(THE TASK):
Starting at the line that contains "this 250×188 image.", copy every line through the end of the listing below exactly, and copy nothing else.

(DATA RECORDS):
== Segment start ==
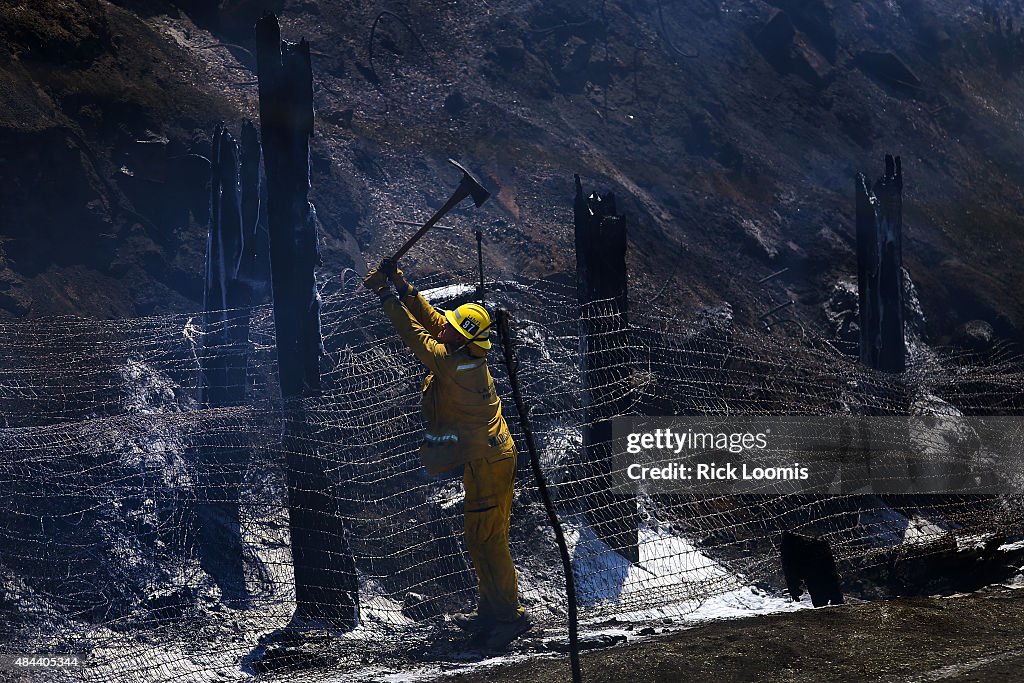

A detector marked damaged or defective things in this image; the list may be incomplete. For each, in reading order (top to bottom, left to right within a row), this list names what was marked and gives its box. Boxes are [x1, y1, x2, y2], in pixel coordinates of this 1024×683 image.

charred wooden post [195, 125, 258, 606]
charred wooden post [253, 12, 358, 630]
burned wire mesh fence [0, 274, 1019, 679]
charred wooden post [573, 174, 634, 565]
charred wooden post [856, 154, 905, 374]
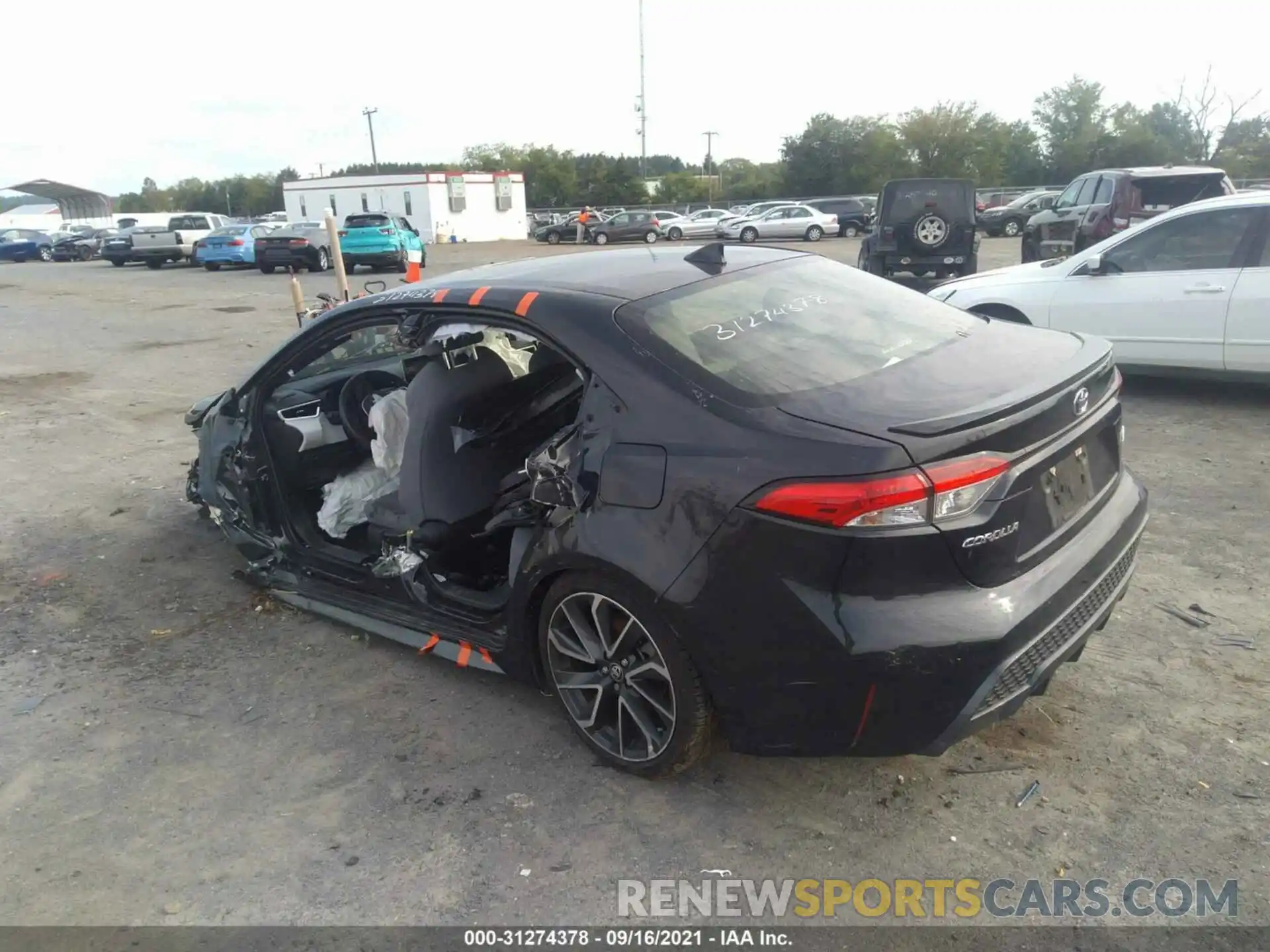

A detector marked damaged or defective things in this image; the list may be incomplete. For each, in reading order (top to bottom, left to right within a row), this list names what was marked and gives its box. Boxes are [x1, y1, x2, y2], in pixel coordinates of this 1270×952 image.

exposed car interior [265, 318, 591, 604]
damaged black sedan [185, 242, 1153, 777]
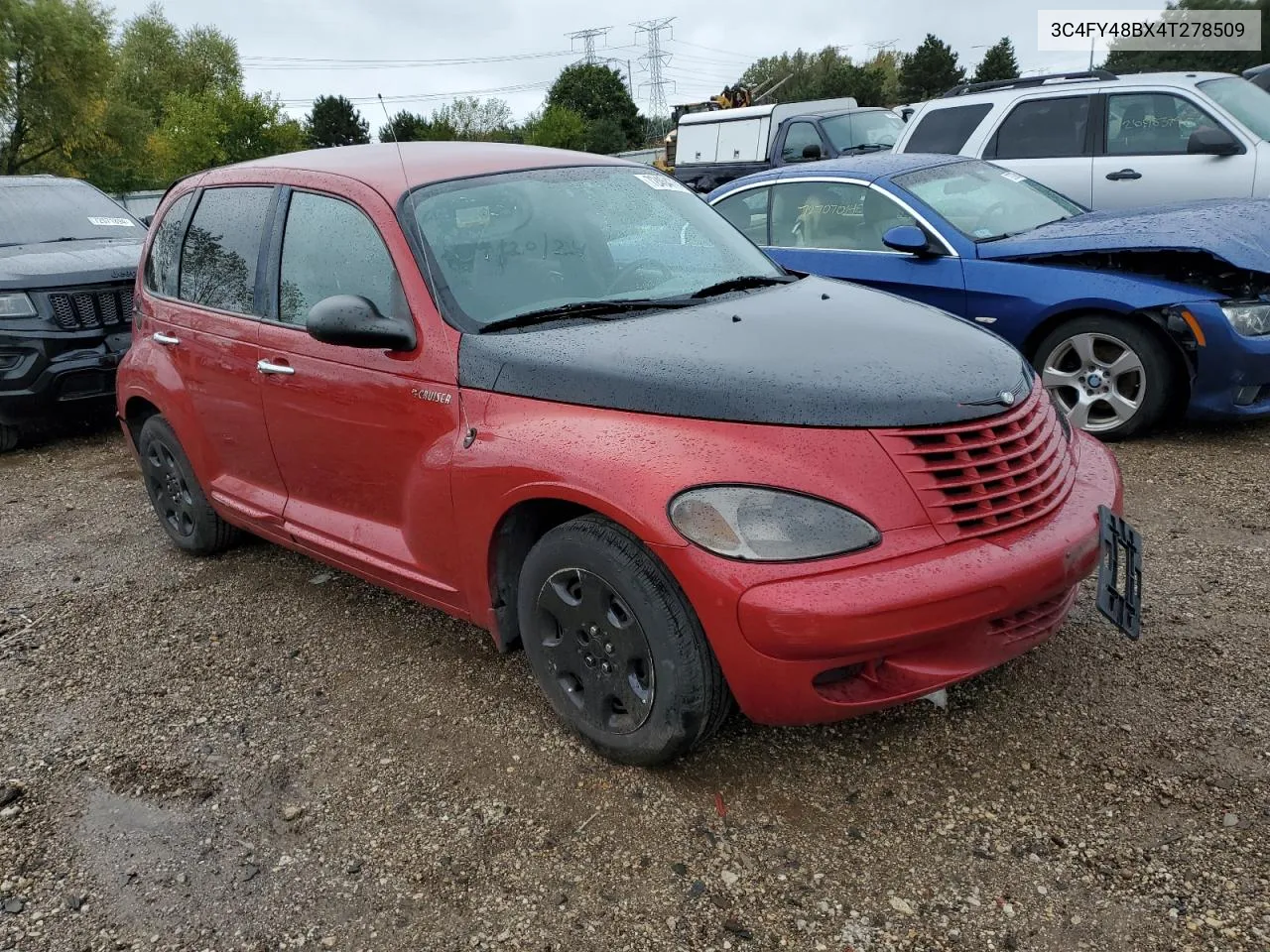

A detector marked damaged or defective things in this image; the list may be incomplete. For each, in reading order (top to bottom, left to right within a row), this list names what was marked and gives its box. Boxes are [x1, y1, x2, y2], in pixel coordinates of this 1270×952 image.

missing license plate [1095, 506, 1143, 639]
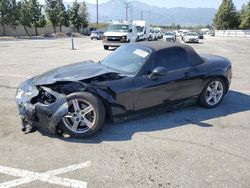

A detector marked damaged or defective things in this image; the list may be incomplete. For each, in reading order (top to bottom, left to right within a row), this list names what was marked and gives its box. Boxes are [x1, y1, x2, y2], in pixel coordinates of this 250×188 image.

damaged hood [32, 60, 117, 85]
detached front bumper [15, 78, 68, 134]
crumpled front end [15, 78, 68, 134]
crack in asphalt [140, 134, 249, 163]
== Segment end ==
(TASK RESULT):
A detector marked damaged or defective things in this image; the list may be incomplete. For each, in reading order (top to bottom, left to right within a row), this list names what was marked and gives its box. Boxes are [x1, y1, x2, y2], in pixel coordinates of this 250×188 image.

damaged hood [32, 60, 117, 85]
detached front bumper [15, 78, 68, 134]
crumpled front end [15, 78, 68, 134]
crack in asphalt [140, 134, 249, 163]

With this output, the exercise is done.